“We appreciate the continued collaboration of FDA in assisting us to improve the availability and throughput of our COVID-19 diagnostic kit.”

By HospiMedica International staff writers
Posted on 03 Aug 2020

Applied DNA Sciences Inc. (Stony Brook, NY, USA) has been granted Emergency Use Authorization (EUA) amendment by the US Food and Drug Administration (FDA) that expands the installed base of PCR equipment platforms which can process the company’s Linea COVID-19 Assay Kit and introduces automation to significantly increase the throughput of the assay by use of robotic RNA extraction.

The EUA amendment extends the RT-PCR platform authorization from the Applied Biosystems (ThermoFisher Scientific) QuantStudio Dx to include Applied Biosystems’ QuantStudio 5 Real-Time PCR system (QS5).

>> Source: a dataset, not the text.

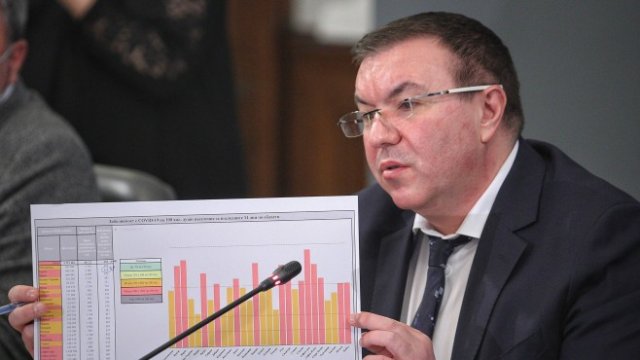 <p>
	<em>Снимка: Димитър Кьосемарлиев, Investor Media Group</em></p>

The amendment also authorizes the use of the Hamilton STARlet robotic automation in conjunction with the Omega Bio-tek Mag-Bind viral RNA Express kit to speed the process of extracting viral RNA from specimens and drive greater testing throughput. The company believes the amendment can greatly enhance the efficiency of laboratories across the US who adopt the diagnostic kit while expanding by more than tenfold the target installed base of authorized RT-PCR equipment. To match the potential for higher demand, the company is increasing production of its diagnostic kit.